Work to complete: Keep the pictures out, and restate the listing that follows exactly as written.

-- Given information follows --

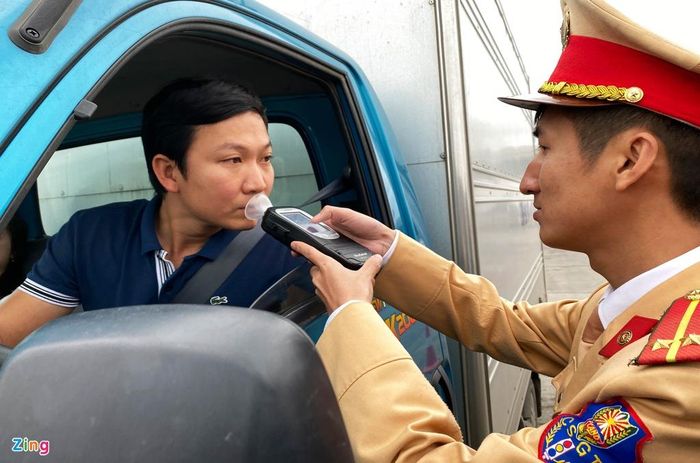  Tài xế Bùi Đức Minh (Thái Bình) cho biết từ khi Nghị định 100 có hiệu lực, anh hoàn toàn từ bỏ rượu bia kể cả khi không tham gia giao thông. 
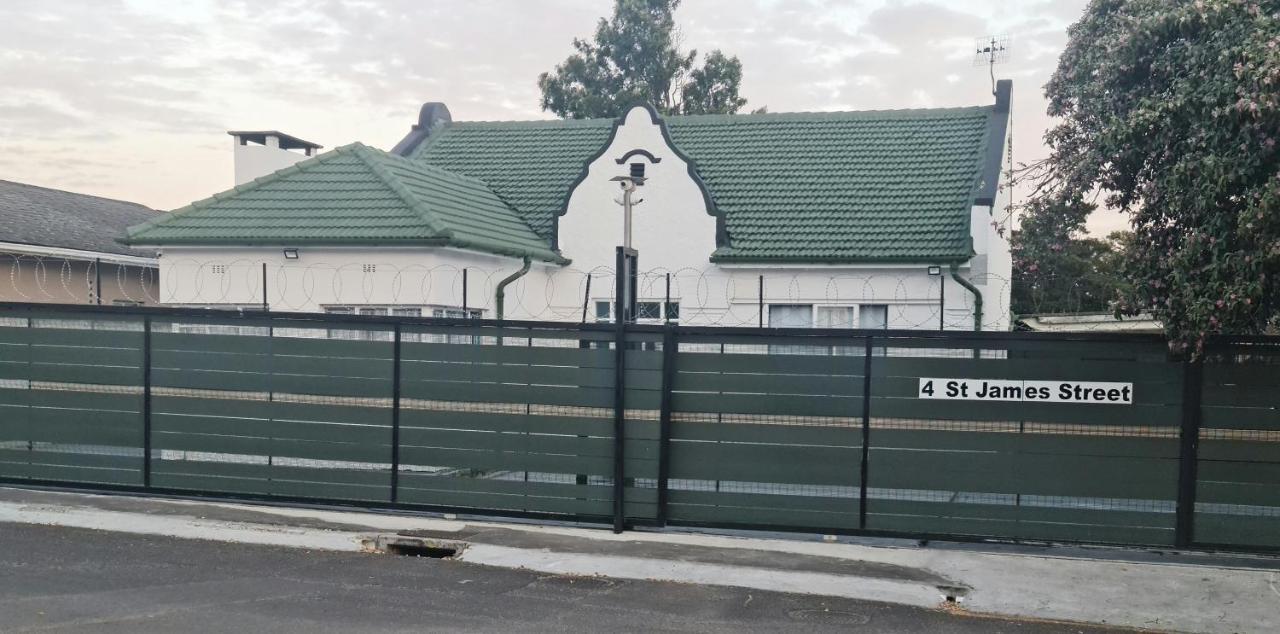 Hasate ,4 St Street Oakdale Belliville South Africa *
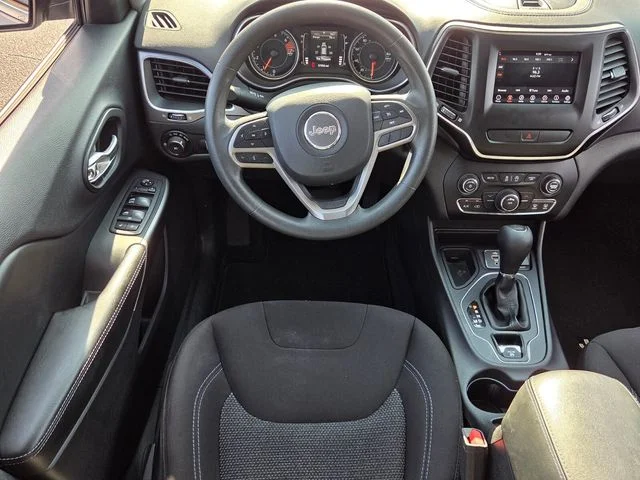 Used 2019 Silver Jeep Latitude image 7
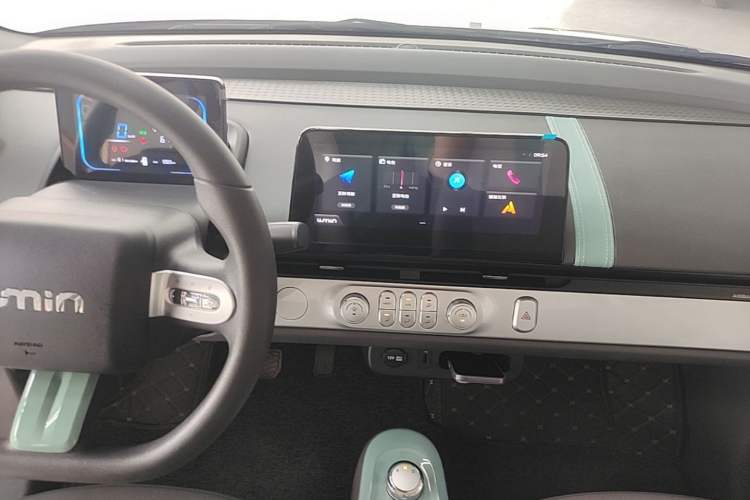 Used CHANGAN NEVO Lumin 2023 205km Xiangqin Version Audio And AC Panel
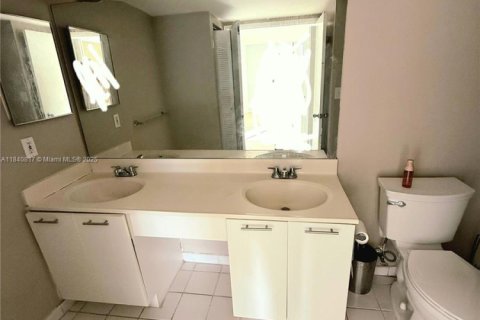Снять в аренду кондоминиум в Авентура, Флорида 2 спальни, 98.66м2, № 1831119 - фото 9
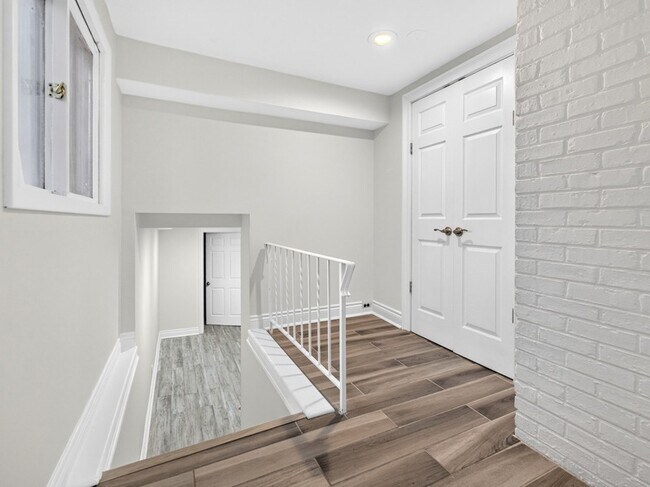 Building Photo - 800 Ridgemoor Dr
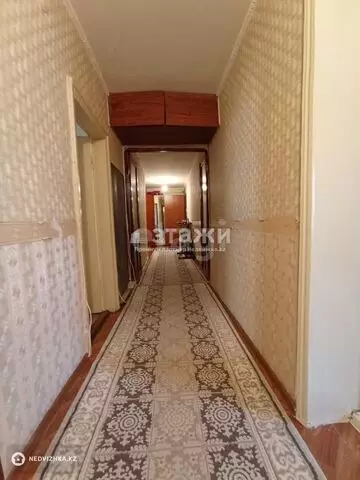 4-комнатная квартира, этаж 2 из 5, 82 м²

-- Given information concluded --

Response box:
  Tài xế Bùi Đức Minh (Thái Bình) cho biết từ khi Nghị định 100 có hiệu lực, anh hoàn toàn từ bỏ rượu bia kể cả khi không tham gia giao thông. 
 Hasate ,4 St Street Oakdale Belliville South Africa *
 Used 2019 Silver Jeep Latitude image 7
 Used CHANGAN NEVO Lumin 2023 205km Xiangqin Version Audio And AC Panel
Снять в аренду кондоминиум в Авентура, Флорида 2 спальни, 98.66м2, № 1831119 - фото 9
 Building Photo - 800 Ridgemoor Dr
 4-комнатная квартира, этаж 2 из 5, 82 м²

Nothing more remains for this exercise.